Posted on: 02 October 2005 by Peter - WW2 Site Helper

Dear Yvonne

I read your story with both interest and surprise. Was it perhaps a gender thing (as the modern jargon has it)? Certainly all the boys I knew were keen on knowing about the war.

All my schoolmates were interested in weaponry, particularly in aircraft recognition. Nearly everyone I knew had a map of Europe pinned to his bedroom wall and followed the various campaigns with great interest.

As for information, all cinemas showed newsreels; the BBC broadcast news on the wireless several times daily, and there were daily newspapers and magazines such as Picture Post. In Britain Churchill made frequent speeches which were broadcast, as did other ministers.
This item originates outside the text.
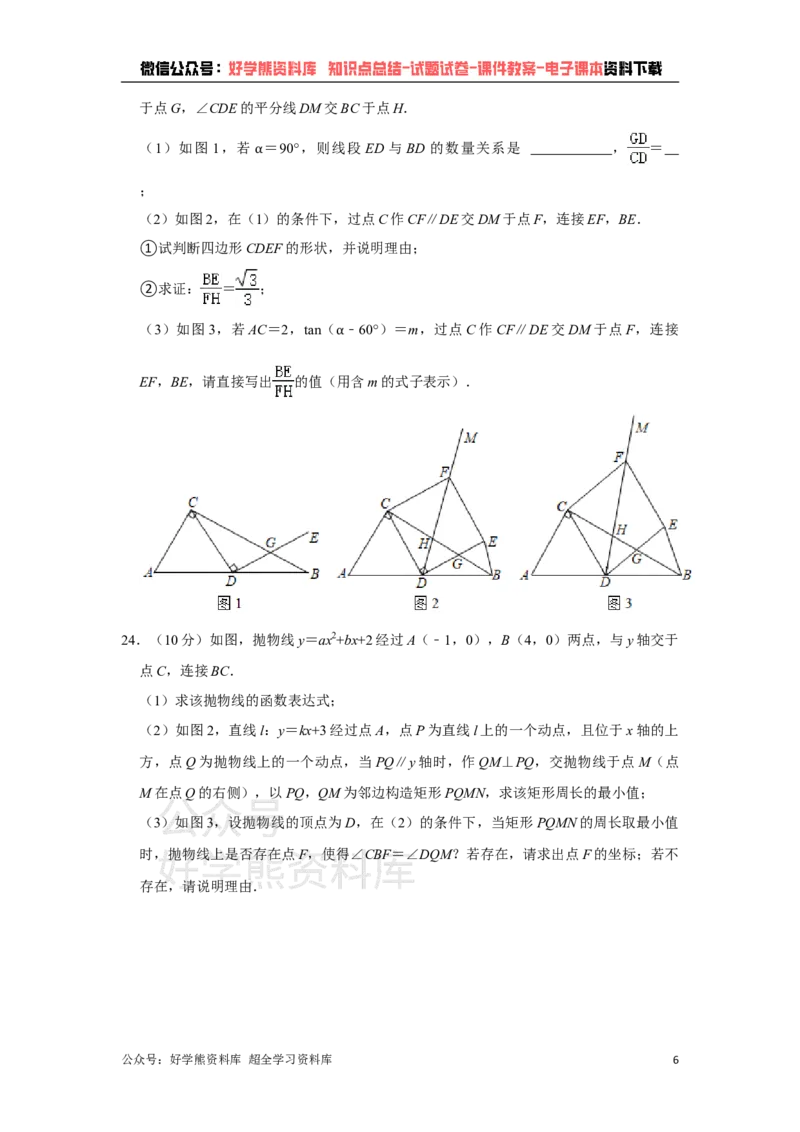 《2021年湖南省岳阳市中考数学真题试卷解析版_初高中资料库_初中资料库（转存避免链接过期失效）_初中数学》第6页预览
It seemed to me that everyone, including children, talked of nothing else but the war.

I must admit that I took it for granted that girls were just as interested as boys were, but perhaps I was wrong.

Regards,

Peter

 

Message 2 - Freedom of Speech - Mitcham

Posted on: 02 October 2005 by Frank Mee Researcher 241911

Dear Yvonne,
Not only did I know all about the war as a young lad but also the war in Spain and the Japanese Chinese war. This was from papers news reels magazines like Picture post and later War Illustrated plus family discussions. Nothing was kept from us and the girls in our area knew as much as the boys.
During the war, rumour and urban myth were often well ahead of the news media even if at times it was wrong. In our area we had men in all the local Regiments who came on leave or were wounded and sent home, Sailors and airmen too they talked to the families and so we were well up on most of the news. I cannot understand why you should have been so lacking in knowledge of the war, we got the news on the radio every day plus papers morning and evening, there was plenty of news if you listened or read it.
Regards Frank.

 

Message 3 - Freedom of Speech - Mitcham

Posted on: 05 October 2005 by Yvonne Worrall nee Christian

Dear Peter

Perhaps I should have made it clearer by saying that I was only five years old at the beginning of the war. I think that the fact that I didn't learn much was the fact that some children were seen but not heard, some more than others. Probably, my brother who was four years older would have been better informed.
I have been writing as through the eyes of a child. Thank you for your interest.I will reconsider what I have written.

Best Wishes
Yvonne

 

Message 4 - Freedom of Speech - Mitcham

Posted on: 05 October 2005 by Yvonne Worrall nee Christian

Dear Frank

Perhaps I should have made it clearer by saying that I was only five years old at the beginning of the war. I think that the fact that I didn't learn much was the fact that some children were seen but not heard, some more than others. Probably my brother who was four years older would have been better informed.
I have been writing as through the eyes of a child. Perhaps you would like to look at my articles "A4440575 The Shelter" and "A4512188 Blitz Kids", describing my experiences in London. Thank you for you interest, I will reconsider what I have written.

Best wishes
Yvonne

 

Message 5 - Freedom of Speech - Mitcham

Posted on: 05 October 2005 by Peter - WW2 Site Helper

Dear Yvonne

Thanks for replying. During the war, no matter how sheltered you were at home, once you started going to school or going to the pictures, you could not avoid knowing about the war.

In Britain, in particular, kids had to carry their gas masks everywhere and at school there were frequent air-raid precaution drills. Kids were also involved in various collections for the war effort, organised at school. And surely mothers would explain to their children why their fathers were away.

At five, of course, you could not be expected to understand what was going on. But that is quite different.

Kind regards,

Peter

 

Message 6 - Freedom of Speech - Mitcham

Posted on: 05 October 2005 by Peter - WW2 Site Helper

Yvonne!

Your two stories, here A4440575 and here A4512188, paint a completely different picture; as does this one A5363002 too.